If this exercise raises questions for you, great! We have glossed over a crucial detail, without which we can’t reliably predict what our code will do as we continue to use these mutated lists: Does extend put the ids of the elements of lst2 into lst1, or does it make copies of these elements? The answer is that it does not make copies; instead it puts the ids of the elements of lst2 into lst1, which creates aliasing. If the aliased objects are mutable, as you know, this allows side effects to happen.

Here’s a smaller example of extend:

>>> stuff = [10, 20]
>>> new_stuff = [30, [40, 50]]
>>> stuff.extend(new_stuff)
>>> stuff
[10, 20, 30, [40, 50]]

This is what’s going on in memory when we run this code:

A memory model diagram showing stuff and new_stuff as they are initially, and then in orange showing the effect of extend.

The ids inside the elements of new_stuff, id3 and id102, are added to the end of stuff, creating aliasing. Here is the same example, but using append instead:

>>> stuff = [10, 20]
>>> new_stuff = [30, [40, 50]]
>>> stuff.append(new_stuff)
>>> stuff
[10, 20, [30, [40, 50]]]

And here is the corresponding memory model diagram:

A memory model diagram showing stuff and new_stuff as they are initially, and then in orange showing the effect of append.

Notice that, this time, the id of the list new_stuff itself, id101, is added to the end of stuff. This also creates aliasing.

Now that you have a clear picture of what exactly append and extend do, go back and predict again the output of the slightly more complex code above with lst1 and lst2.

What about list operators?#

The operator + can be applied to two lists. It does not mutate either list. Instead, it creates a new list containing all the elements of each operand.

For example, this code:

>>> stuff = [10, 20]
>>> new_stuff = [30, [40, 50]]
>>> result = stuff + new_stuff
>>> result
[10, 20, 30, [40, 50]]

yields this memory model:

A memory model diagram showing what happens when we apply the plus operator to stuff and new_stuff.

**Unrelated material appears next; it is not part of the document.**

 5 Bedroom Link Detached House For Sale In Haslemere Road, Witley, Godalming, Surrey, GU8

This explains why some of the following mutations to stuff and new_stuff have no effect on result, but others do.

>>> new_stuff[1].append(99)
>>> new_stuff
[30, [40, 50, 99]]
>>> result
[10, 20, 30, [40, 50, 99]]
>>> stuff[1] = 1111
>>> result
[10, 20, 30, [40, 50, 99]]
>>> stuff.append(2222)
>>> result
[10, 20, 30, [40, 50, 99]]
>>> new_stuff.append(3333)
>>> result
[10, 20, 30, [40, 50, 99]]
>>> new_stuff[1] = 3333
>>> result
[10, 20, 30, [40, 50, 99]]

Another list operator we use a lot is : for slicing. Slicing always creates a new list, containing the selected elements of the list it was applied to.

For example, this code:

>>> junk = [[1, 2], 3, [4, 5]]
>>> result = junk[1:]
>>> result
[3, [4, 5]]

yields this memory model:

A memory model diagram showing what happens when we slice the list called junk.

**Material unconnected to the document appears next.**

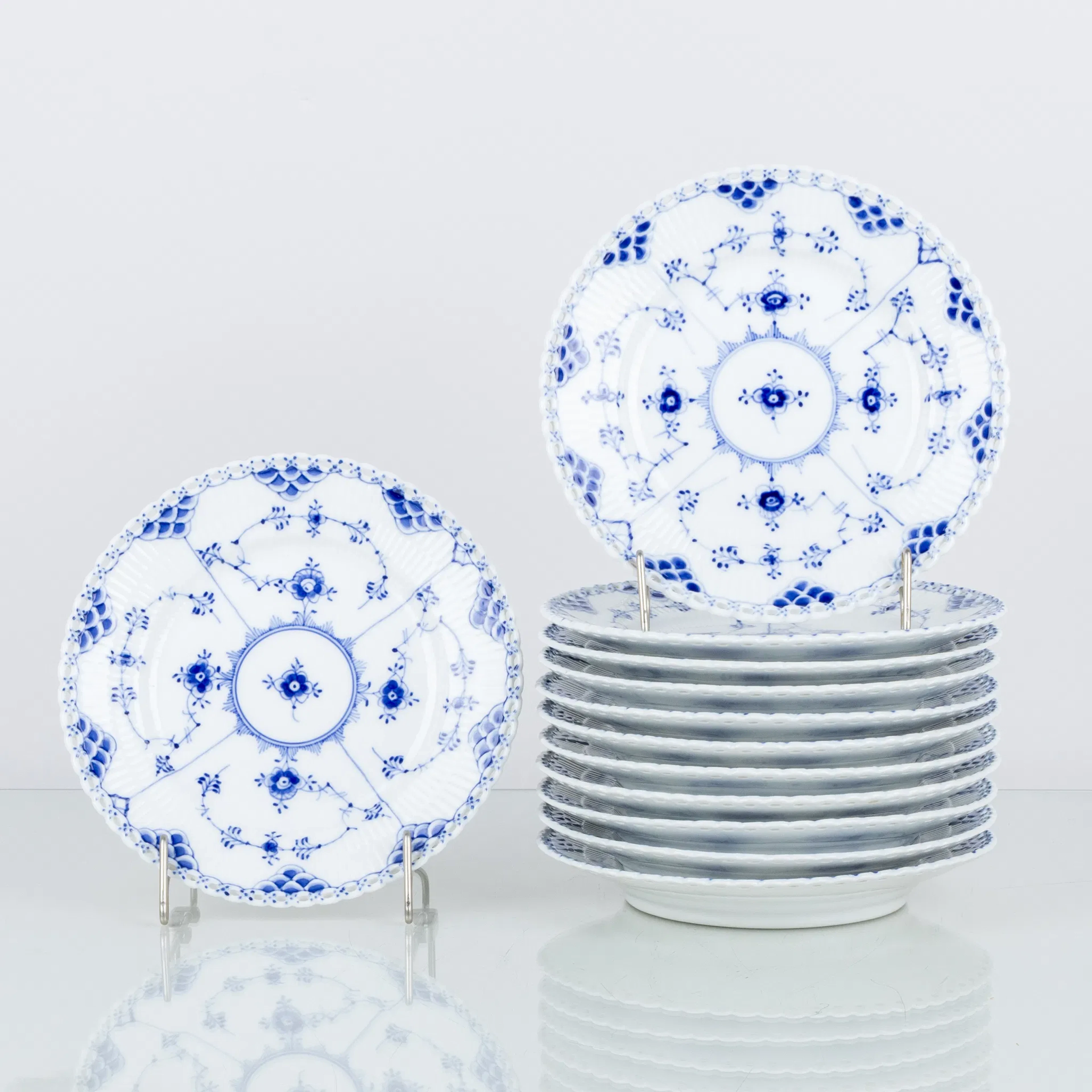 ROYAL COPENHAGEN, 12 porcelain plates, no. 1087, Denmark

Try writing your own code that mutates junk in different ways to see which of them have an effect on result. Can you predict the outcome accurately?

For loops#

You’ve written many for-loops that iterate over lists. Here’s a simple one:

>>> nums = [5, 9, 2, 1, 4]
>>> sum = 0
>>> for item in nums:
...     sum = sum + item
...
>>> print (sum)
21

Something is going on that is not apparent from the code: a new variable, item, is created and, on each iteration, it is assigned to refer to the next element of the list. It is as if we’d written:

>>> nums = [5, 9, 2, 1, 4]
>>> sum = 0
>>> item = nums[0]
>>> sum = sum + item
>>> item = nums[1]
>>> sum = sum + item
>>> item = nums[2]
>>> sum = sum + item
>>> item = nums[3]
>>> sum = sum + item
>>> item = nums[4]
>>> sum = sum + item
>>> print(sum)
21

This may not seem important, but consider a list of mutable objects (rather than the immutable ints in our list above). Each time we assign item to refer to one of them, we have aliasing. Understanding this aliasing, and being aware of the mutability or imutability of our list elements, will allow you to explain why some loops work and some don’t – and, preferably, to always write loops that work!